Bergiat di Komunitas Arus Kendari, Sulawesi Tenggara. Penulis tetap pada rubrik
“Catatan Lepas” di Tabloid Oase. Puisi dan cerpennya tersebar di berbagai media
cetak dan kumpulan bersama. Buton, Ibu
dan Sekantong Luka adalah buku puisi tunggalnya
yang pertama.
Catatan Lain
Ada 6 paragraf catatan pengantar dari penerbit. Biasanya
sih, ditulis oleh Raudal. Tapi sebelumnya, di halaman yang lebih awal, ada
patahan-patahan komentar dari 6 orang, yaitu Syaifuddin Gani, Abd.
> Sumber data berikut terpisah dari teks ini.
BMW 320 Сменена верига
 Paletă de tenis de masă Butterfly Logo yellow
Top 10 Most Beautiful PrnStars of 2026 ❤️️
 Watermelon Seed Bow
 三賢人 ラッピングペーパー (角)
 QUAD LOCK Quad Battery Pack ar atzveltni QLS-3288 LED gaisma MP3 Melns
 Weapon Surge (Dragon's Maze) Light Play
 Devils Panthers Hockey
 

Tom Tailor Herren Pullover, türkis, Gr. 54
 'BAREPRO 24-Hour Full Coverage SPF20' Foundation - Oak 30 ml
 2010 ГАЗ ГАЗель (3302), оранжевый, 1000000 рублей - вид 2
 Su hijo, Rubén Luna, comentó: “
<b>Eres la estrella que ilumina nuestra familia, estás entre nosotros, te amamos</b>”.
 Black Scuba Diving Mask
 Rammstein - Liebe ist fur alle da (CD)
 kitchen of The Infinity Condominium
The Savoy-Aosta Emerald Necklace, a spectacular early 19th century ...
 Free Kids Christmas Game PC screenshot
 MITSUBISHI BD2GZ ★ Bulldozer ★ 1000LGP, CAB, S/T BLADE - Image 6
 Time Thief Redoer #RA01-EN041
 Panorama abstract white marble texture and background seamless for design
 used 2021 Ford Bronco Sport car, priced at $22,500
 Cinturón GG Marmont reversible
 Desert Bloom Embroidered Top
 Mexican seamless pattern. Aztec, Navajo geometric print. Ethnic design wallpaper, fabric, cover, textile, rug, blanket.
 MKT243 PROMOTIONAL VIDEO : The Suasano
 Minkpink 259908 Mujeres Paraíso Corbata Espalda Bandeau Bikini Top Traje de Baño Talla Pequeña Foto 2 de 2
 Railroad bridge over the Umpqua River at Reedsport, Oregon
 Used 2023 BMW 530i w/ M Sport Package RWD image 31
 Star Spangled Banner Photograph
Razak Abadi
(Adhy Rical), Bode Riswandi, Y. Thendra BP, Acep Zamzam Noor dan Saut
Situmorang. Syaifuddin Gani menyebut sajak Irianto Ibrahim sebagai sajak yang
liris-romantik yang getir dan muram, pembacaan Thendra menghadirkan sajak
Irianto sebagai sebuah narasi, dan Adhi Rical menulis ini: “Inilah penyair yang
fasih memahami kampung kelahiran dan restu ibunya, maka kelak kau akan mengerti
betapa seorang ibu melebihi sejuta puisi yang kau tulis.”